Helisul Linhas Aéreas
- Founded: 1994
- Ceased operations: 1998
- Operating bases: Curitiba-Bacacheri
- Parent company: TAM Transportes Aéreos Regionais
- Headquarters: Curitiba, Brazil
- Key people: Eloy Biesuz Rolim Amaro

= Helisul Linhas Aéreas =

Brazilian airline

Helisul Linhas Aéreas S/A was a Brazilian airline founded in 1994. In 1996, it was sold to TAM Transportes Aéreos Regionais, which incorporated the airline in 1998.

==History==
On October 5, 1972, Tropical Táxi Aéreo was founded in Foz do Iguaçu. It was a subsidiary of Tropical Hotéis, a company part of the same holding that owned Varig. This was later bought by Eloy Biesuz and the name changed to Helisul Táxi Aéreo Ltda.
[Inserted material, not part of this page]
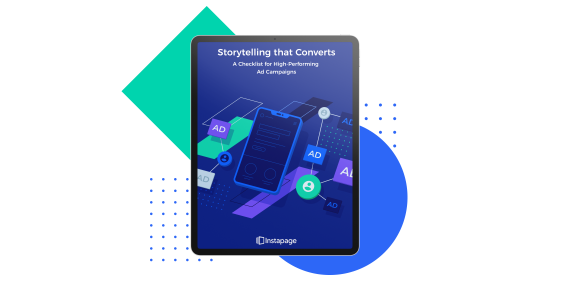 Storytelling that Converts: A Checklist for High Performing Ad Campaigns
As part of its growing activities, Helisul Taxi Aéreo founded on May 16, 1994 Helisul Linhas Aéreas, as a charter airline operating regular flights and with operations concentrated at Curitiba-Bacacheri Airport linking Curitiba to other cities in Paraná state. On January 1, 1995 its license was updated to one of a regional carrier.
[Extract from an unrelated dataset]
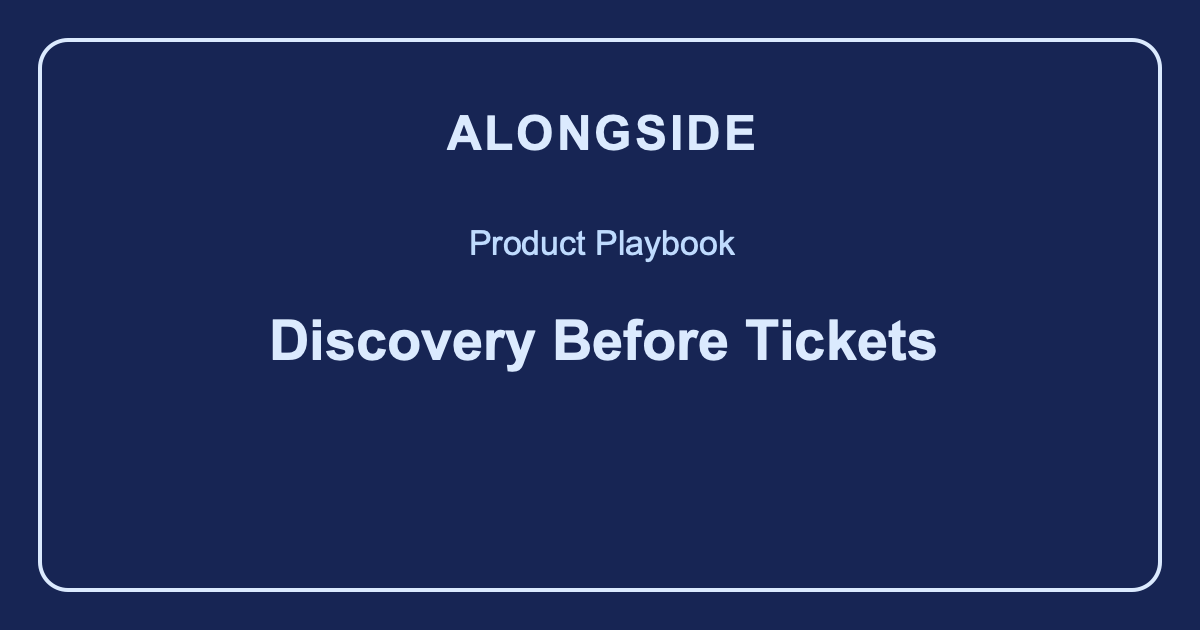 Product Discovery Works Better When Engineering Shows Up Before the Tickets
On July 1, 1996 Helisul was sold to TAM Airlines and it began operating feeder services to TAM. Later, in December of the same year, as Brasil Central Linhas Aéreas was rebranded as TAM-Meridional, Helisul was also rebranded as TAM Express and received the entire Caravan fleet of Brasil Central to operate its former network. In 1998 it was completely incorporated by TAM.
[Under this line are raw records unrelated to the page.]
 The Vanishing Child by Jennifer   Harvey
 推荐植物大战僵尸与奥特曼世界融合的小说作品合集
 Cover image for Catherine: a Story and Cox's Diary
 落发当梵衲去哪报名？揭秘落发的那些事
Helisul Táxi Aéreo still operates helicopter flights in Rio de Janeiro and Foz do Iguaçu and has certified maintenance plants at Curitiba-Bacacheri Airport.

==Destinations==
Helisul served the following cities:
- Blumenau – Quero-quero Airport
- Campo Mourão – Cel. Geraldo Guias de Aquino Airport
- Cascavel – Adalberto Mendes da Silva Airport
- Chapecó – Serafin Enoss Bertaso Airport
- Concórdia – Olavo Cecco Rigon Airport
- Curitiba – Bacacheri Airport
- Francisco Beltrão – Paulo Abdala Airport
- Guarapuava – Tancredo Thomas de Faria Airport
- Joaçaba – Santa Terezinha Airport
- Pato Branco – Juvenal Loureiro Cardoso Airport
- São Miguel do Oeste – Hélio Wasum Airport
- São Paulo – Congonhas Airport

==Fleet==

Helisul and TAM Express fleets
| Aircraft | Total | Years of operation | Notes |
|---|---|---|---|
| Embraer EMB 110 Bandeirante | 4 | 1994-1996 |  |
| Cessna 208 Caravan | 38 | 1996-1998 |  |

==Accidents and incidents==
- 13 September 1996: an Embraer EMB 110 Bandeirante registration PT-WAV operating a cargo flight from Porto Alegre to Joinville collided with a hill and crashed during final approach to land at Joinville. The crew of two died.